Decreet Lokaal Bestuur van 22 december 2017 en latere wijzigingen.
Decreet houdende de gemeentewegen van 3 mei 2019.
Het gemeentebestuur ontving het dossier met betrekking tot de vraag tot gedeeltelijke verplaatsing van de voetweg nr. 16 binnen de procedure tot omgevingsvergunning met als ref. nr. gemeente OMV/2021/115/OV en ref. omgevingsloket OMV_2020065293, kadastraal gekend als afdeling 3 sectie B nr. 215F3.
In overeenstemming met artikel 12§2 van het decreet houdende de gemeentewegen van 3 mei 2019 stelt dat in afwijking van artikel 11 de aanleg, wijziging, verplaatsing of opheffing van een gemeenteweg met overeenkomstige toepassing van artikel 31 van het Omgevingsvergunningen decreet kan worden opgenomen in een omgevingsvergunning voor stedenbouwkundige handelingen.
In overeenstemming met artikel 17 van het decreet houdende de gemeentewegen van 3 mei 2019 vond een openbaar onderzoek plaats van 26 juli 2021 tot en met 24 augustus 2021. Er werden twee bezwaren ingediend.
Deze bezwaren worden behandeld in het verslag van de gemeentelijke omgevingsambtenaar dateert van 10 september 2021 horende bij de omgevingsvergunning OMV_2020065293.
Het ontwerp van rooilijnplan van 10 juni 2021 werd opgemaakt door Interleuven waaruit duidelijk de toekomstige rooilijn van de voetweg blijkt.
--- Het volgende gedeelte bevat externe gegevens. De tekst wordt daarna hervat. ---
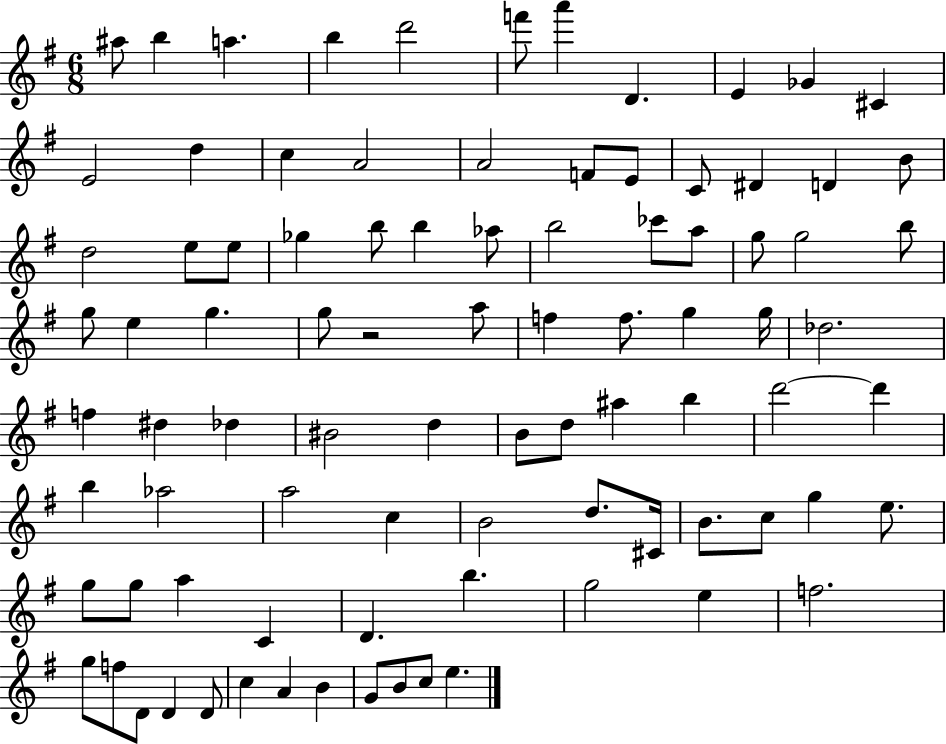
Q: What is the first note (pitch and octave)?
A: A#5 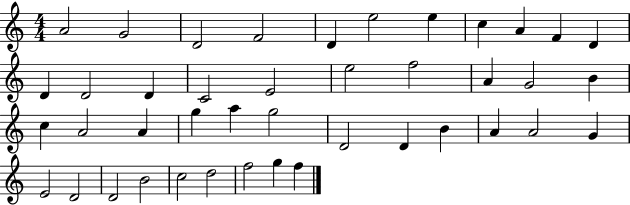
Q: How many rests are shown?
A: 0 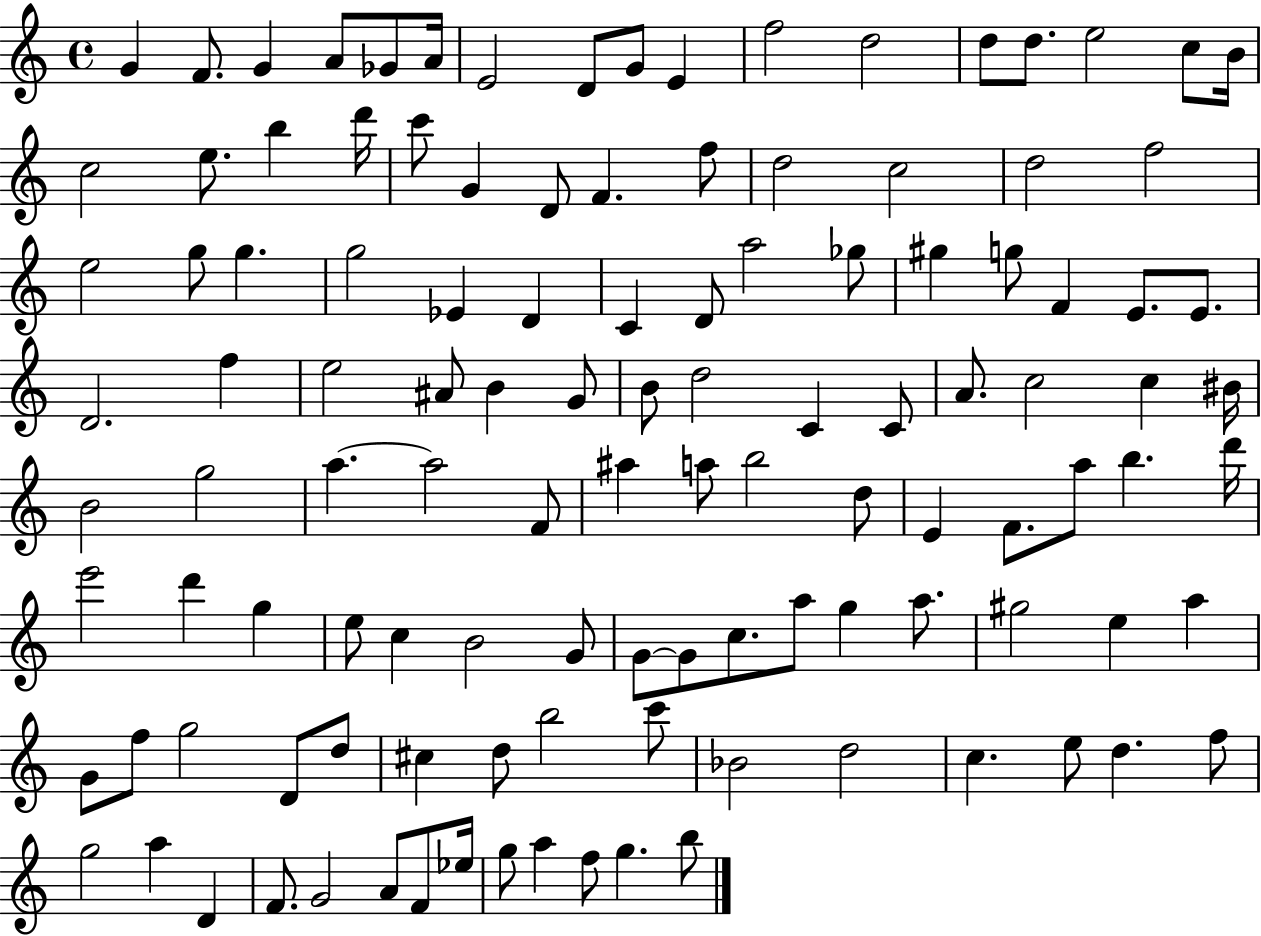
{
  \clef treble
  \time 4/4
  \defaultTimeSignature
  \key c \major
  g'4 f'8. g'4 a'8 ges'8 a'16 | e'2 d'8 g'8 e'4 | f''2 d''2 | d''8 d''8. e''2 c''8 b'16 | \break c''2 e''8. b''4 d'''16 | c'''8 g'4 d'8 f'4. f''8 | d''2 c''2 | d''2 f''2 | \break e''2 g''8 g''4. | g''2 ees'4 d'4 | c'4 d'8 a''2 ges''8 | gis''4 g''8 f'4 e'8. e'8. | \break d'2. f''4 | e''2 ais'8 b'4 g'8 | b'8 d''2 c'4 c'8 | a'8. c''2 c''4 bis'16 | \break b'2 g''2 | a''4.~~ a''2 f'8 | ais''4 a''8 b''2 d''8 | e'4 f'8. a''8 b''4. d'''16 | \break e'''2 d'''4 g''4 | e''8 c''4 b'2 g'8 | g'8~~ g'8 c''8. a''8 g''4 a''8. | gis''2 e''4 a''4 | \break g'8 f''8 g''2 d'8 d''8 | cis''4 d''8 b''2 c'''8 | bes'2 d''2 | c''4. e''8 d''4. f''8 | \break g''2 a''4 d'4 | f'8. g'2 a'8 f'8 ees''16 | g''8 a''4 f''8 g''4. b''8 | \bar "|."
} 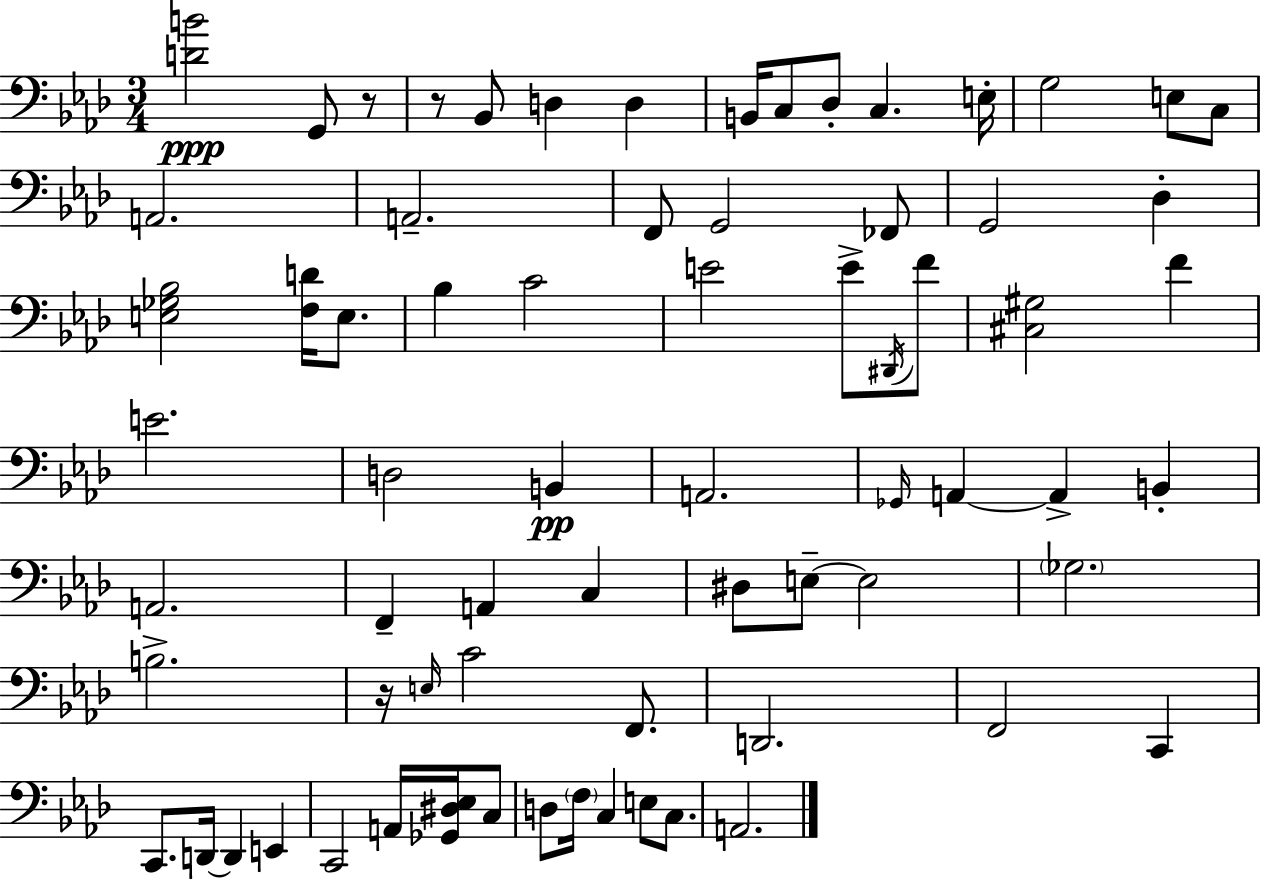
{
  \clef bass
  \numericTimeSignature
  \time 3/4
  \key f \minor
  <d' b'>2\ppp g,8 r8 | r8 bes,8 d4 d4 | b,16 c8 des8-. c4. e16-. | g2 e8 c8 | \break a,2. | a,2.-- | f,8 g,2 fes,8 | g,2 des4-. | \break <e ges bes>2 <f d'>16 e8. | bes4 c'2 | e'2 e'8-> \acciaccatura { dis,16 } f'8 | <cis gis>2 f'4 | \break e'2. | d2 b,4\pp | a,2. | \grace { ges,16 } a,4~~ a,4-> b,4-. | \break a,2. | f,4-- a,4 c4 | dis8 e8--~~ e2 | \parenthesize ges2. | \break b2.-> | r16 \grace { e16 } c'2 | f,8. d,2. | f,2 c,4 | \break c,8. d,16~~ d,4 e,4 | c,2 a,16 | <ges, dis ees>16 c8 d8 \parenthesize f16 c4 e8 | c8. a,2. | \break \bar "|."
} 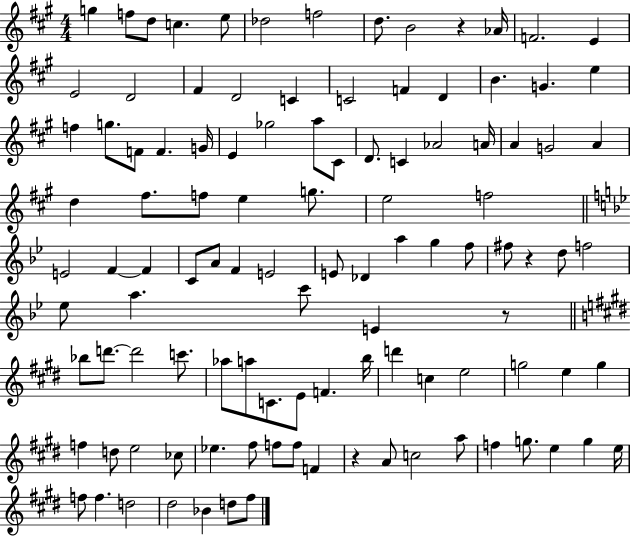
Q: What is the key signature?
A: A major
De gedeeltelijke verplaatsing van de voetweg geeft uitvoering aan artikel 3 (doelstellingen) en aan artikel 4 (principes) van het decreet houdende de gemeentewegen van 3 mei 2019 en werd getoetst aan deze artikels.
In overeenstemming met artikel 28§2 van het decreet houdende de gemeentewegen van 3 mei 2019 stelt dat een waardevermindering en waardevermeerdering ingevolge wijzigingen of verplaatsingen van een gemeenteweg op een goed van dezelfde eigenaar worden geacht elkaar te neutraliseren.
Die toetsing houdt in:
(art. 3, gemeentewegendecreet)
De voetweg wordt verplaatst binnen het projectgebied zodat deze past in de landschappelijke inrichting. De aanduiding van de voetweg in het RUP Woonuitbreidingsgebied Blanden is indicatief, toch is de afwijking zeer beperkt. Bijgevolg zal de gedeeltelijke verplaatsing de structuur, de samenhang en de toegankelijkheid van de voetweg vrijwaren en verbeteren, in het bijzonder om aan de behoeften van de zachte mobiliteit te voldoen.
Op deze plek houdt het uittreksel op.